Brief =
Take the line that contains "House of Windsor-温莎必去景点" and each line after it to the end of the material below, and return them exactly, minus the pictures.

*** Material provided ***

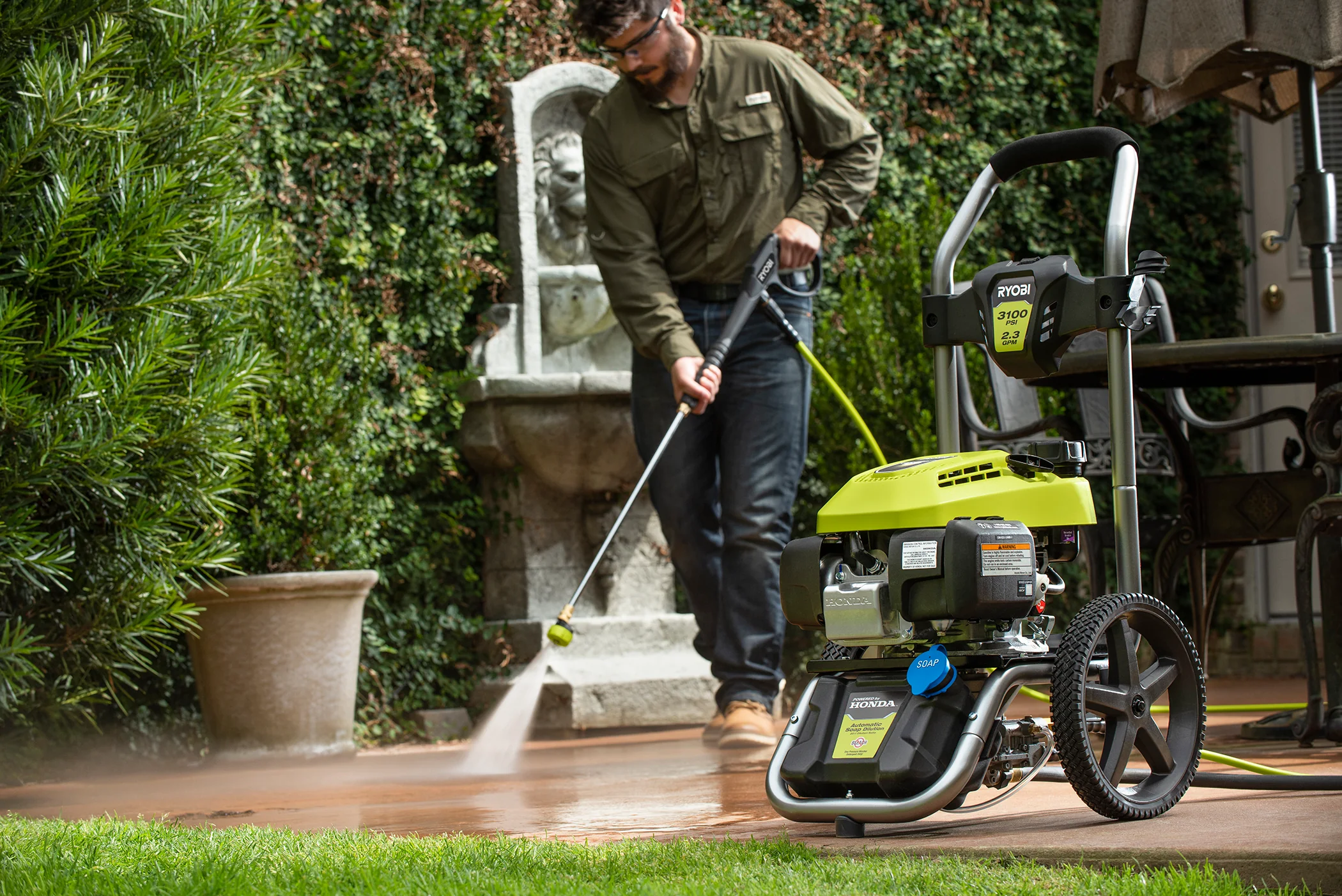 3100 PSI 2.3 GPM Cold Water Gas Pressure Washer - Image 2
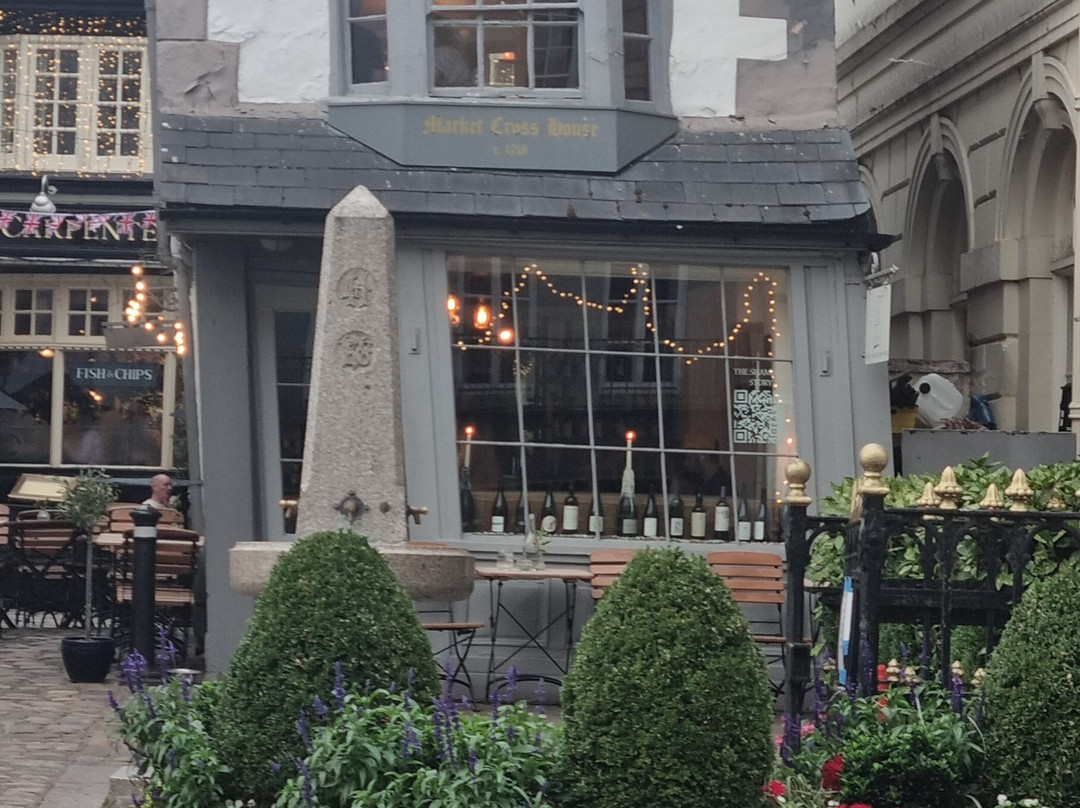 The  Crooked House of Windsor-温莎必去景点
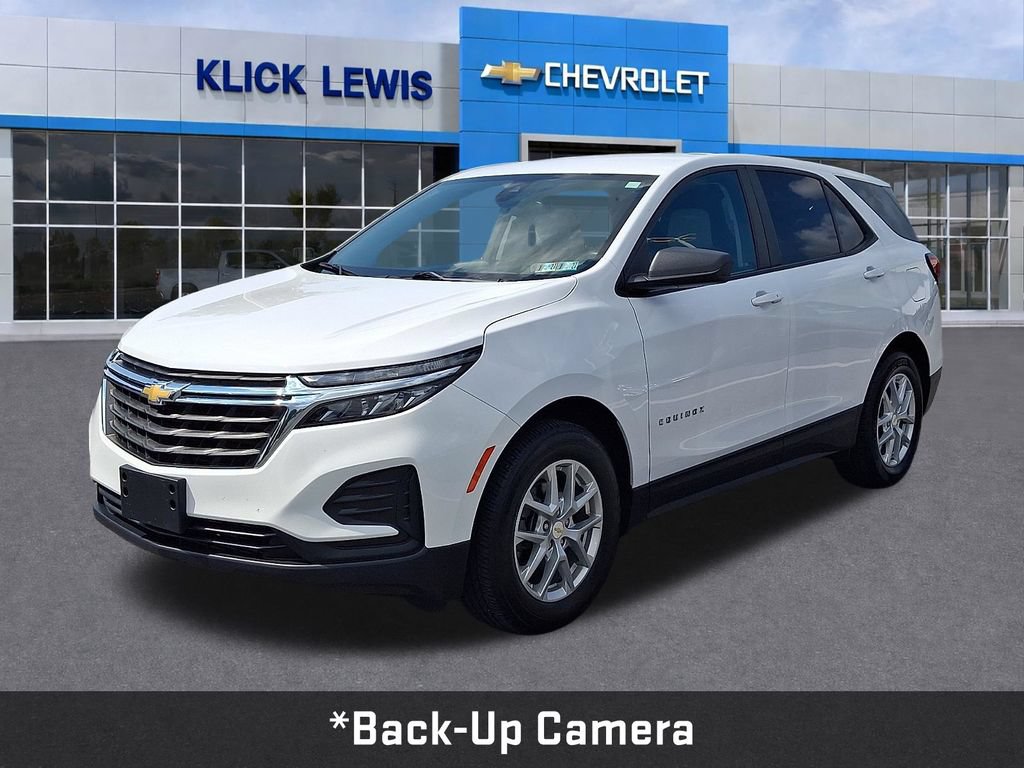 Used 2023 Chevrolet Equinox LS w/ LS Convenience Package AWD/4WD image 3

*** End of Material provided ***

Exercise output =
 The  Crooked House of Windsor-温莎必去景点
 Used 2023 Chevrolet Equinox LS w/ LS Convenience Package AWD/4WD image 3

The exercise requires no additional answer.